OK, “tuneless” may be over-egging it a bit, but ‘Dark Side Of The Moon’ occupies a hallowed place in the rock firmament way beyond its natural qualities. Yes, it’s sold – at best guess – 50 million copies and stayed in the charts for most of the 70s and the 80s, but for a huge band’s magnum opus it’s about as thin as a Murdoch defence, examining the travails of human existence with all the lyrical rigour of Des’ree and plundering late-period Beatles for every chord change they can fit in. Which admittedly isn’t many, at this glacial pace.

It starts with state-of-the-art sound effects – a heartbeat, machinery, unsettling bursts of laughter, finally some screaming – before flowering into ‘Breathe’’s laidback groove. But these aren’t summery good times; this is a meditation on mental stress and the importance of taking your time. What’s the advice? “Breathe, breathe in the air/ Don’t be afraid to care… Look around/ Choose your own ground” – it’s straight out of Chris Martin’s Big Book of Doggerel. You half expect Roger Waters to go on to recommend, “A walk in the park/ Perhaps not in the dark/ Just take it slow/ If you’re a tad low”.

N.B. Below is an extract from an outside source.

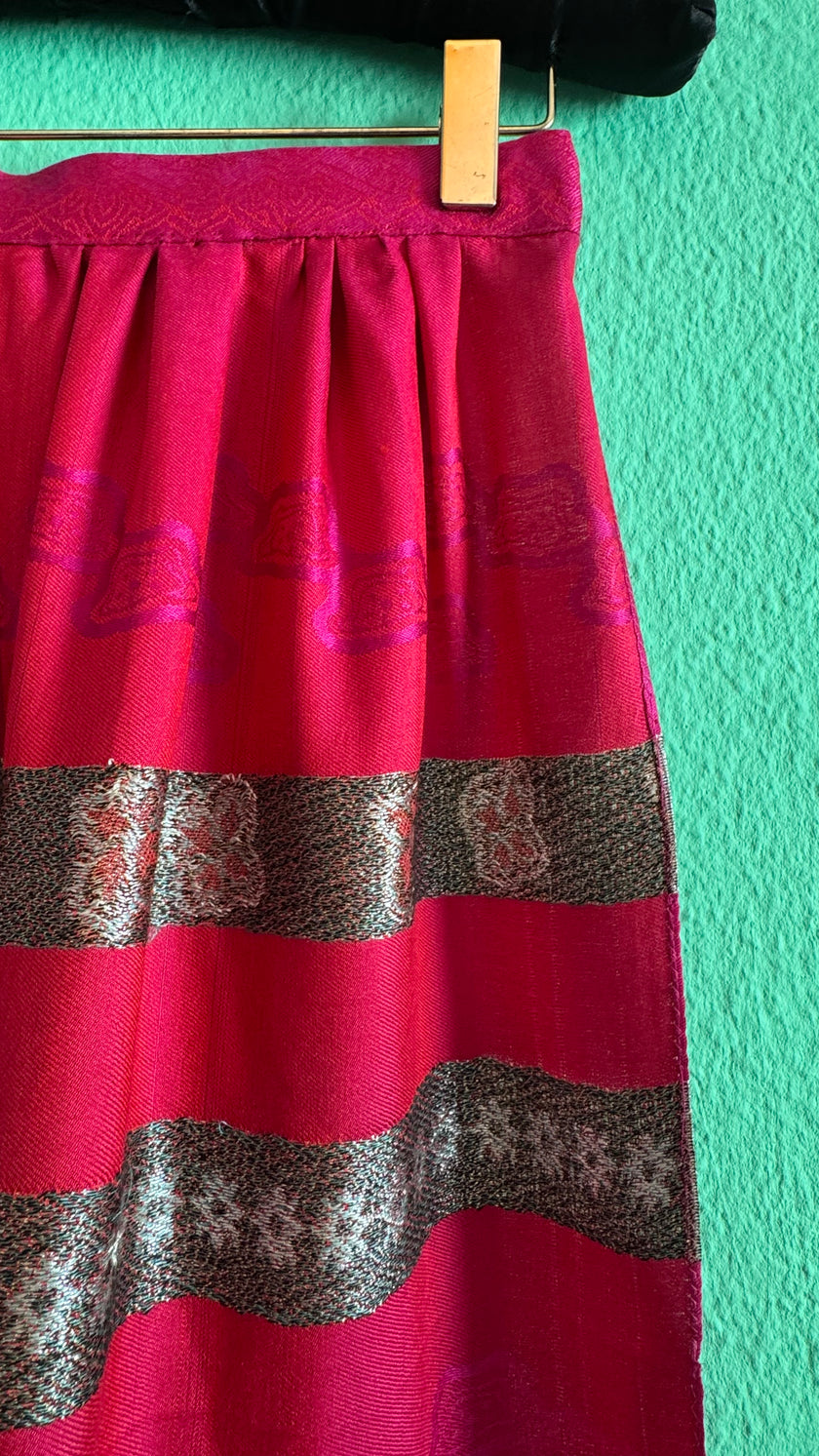 Vintage 1980s Fuchsia Jacquard Tracht Apron With Paisley Border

The platitudes persist. “Money! It’s a gas” (which doesn’t even rhyme with “stash”, Rog) is one of many searing insights on clunky album centerpiece ‘Money’ where cash tills ring ‘ironically’ and the dragging pub rock is as tight as the Wolves back four. The Blockheads could play this better in oven gloves. Pink Floyd might’ve ditched the hour-long ‘Interstellar Overdrive’s to make a concise album for once, but a snappier format has made them bland.

‘Time’ even sounds like that UN-defined war crime: a white rock band playing reggae. You can actually hear Dave Gilmour flexing his knees out of time. We’ll allow them the odd decent melody like ‘Brain Damage’, which – although it’s about the fourth version of ‘Lucy In The Sky With Diamonds’ on the album – remained the best Beatles pastiche until ‘Free As A Bird’ 20 years later. And also ‘Us And Them’, the finest imitation of John Lennon meets ELO until, um, ‘Free As A Bird’ 20 years later.

But the wiggly keyboard presets of ‘On The Run’ and ‘Any Colour You Like’ are the psychedelic warp-outs that would later inspire MGMT to ruin their career. Granted, they might’ve sounded dauntingly futuristic while Donny Osmond was No.1 but obsolescence isn’t the key to all-time great status.

Nor’s a dreary concept, and nor – God forbid – is the (admittedly fun) myth that ‘Dark Side Of The Moon’ is designed to play alongside the Wizard Of Oz. I reckon I could match Dodgy’s ‘Free Peace Sweet’ with The Wizard Of Oz given a P45 and an A3 sheet of blotting paper.

So you can keep your favourite album, Mr Cameron, if indeed that is your real name. We’re all running back to The Smiths now it’s OK to like them again.